-- Records shown follows --

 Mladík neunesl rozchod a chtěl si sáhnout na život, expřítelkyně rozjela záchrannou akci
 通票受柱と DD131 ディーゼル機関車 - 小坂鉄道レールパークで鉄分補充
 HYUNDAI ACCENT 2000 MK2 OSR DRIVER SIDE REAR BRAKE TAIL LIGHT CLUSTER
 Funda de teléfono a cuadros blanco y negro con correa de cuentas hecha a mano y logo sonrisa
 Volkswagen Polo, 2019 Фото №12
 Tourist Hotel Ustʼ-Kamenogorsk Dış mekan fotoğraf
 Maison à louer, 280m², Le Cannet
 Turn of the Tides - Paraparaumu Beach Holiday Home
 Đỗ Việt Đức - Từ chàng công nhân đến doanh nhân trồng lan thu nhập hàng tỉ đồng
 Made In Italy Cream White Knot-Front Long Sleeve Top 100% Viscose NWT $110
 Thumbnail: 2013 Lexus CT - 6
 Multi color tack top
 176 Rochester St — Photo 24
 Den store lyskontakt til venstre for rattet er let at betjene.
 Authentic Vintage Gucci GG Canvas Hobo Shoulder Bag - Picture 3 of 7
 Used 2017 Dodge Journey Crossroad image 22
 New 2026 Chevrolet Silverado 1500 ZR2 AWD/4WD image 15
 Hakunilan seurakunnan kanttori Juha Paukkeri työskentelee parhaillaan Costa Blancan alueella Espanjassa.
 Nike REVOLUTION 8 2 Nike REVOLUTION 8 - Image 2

-- Records shown concluded --

→ **Goal of the exercise**
Your job is to give the data above again exactly, in full.

→ **Solved exercise**
 Mladík neunesl rozchod a chtěl si sáhnout na život, expřítelkyně rozjela záchrannou akci
 通票受柱と DD131 ディーゼル機関車 - 小坂鉄道レールパークで鉄分補充
 HYUNDAI ACCENT 2000 MK2 OSR DRIVER SIDE REAR BRAKE TAIL LIGHT CLUSTER
 Funda de teléfono a cuadros blanco y negro con correa de cuentas hecha a mano y logo sonrisa
 Volkswagen Polo, 2019 Фото №12
 Tourist Hotel Ustʼ-Kamenogorsk Dış mekan fotoğraf
 Maison à louer, 280m², Le Cannet
 Turn of the Tides - Paraparaumu Beach Holiday Home
 Đỗ Việt Đức - Từ chàng công nhân đến doanh nhân trồng lan thu nhập hàng tỉ đồng
 Made In Italy Cream White Knot-Front Long Sleeve Top 100% Viscose NWT $110
 Thumbnail: 2013 Lexus CT - 6
 Multi color tack top
 176 Rochester St — Photo 24
 Den store lyskontakt til venstre for rattet er let at betjene.
 Authentic Vintage Gucci GG Canvas Hobo Shoulder Bag - Picture 3 of 7
 Used 2017 Dodge Journey Crossroad image 22
 New 2026 Chevrolet Silverado 1500 ZR2 AWD/4WD image 15
 Hakunilan seurakunnan kanttori Juha Paukkeri työskentelee parhaillaan Costa Blancan alueella Espanjassa.
 Nike REVOLUTION 8 2 Nike REVOLUTION 8 - Image 2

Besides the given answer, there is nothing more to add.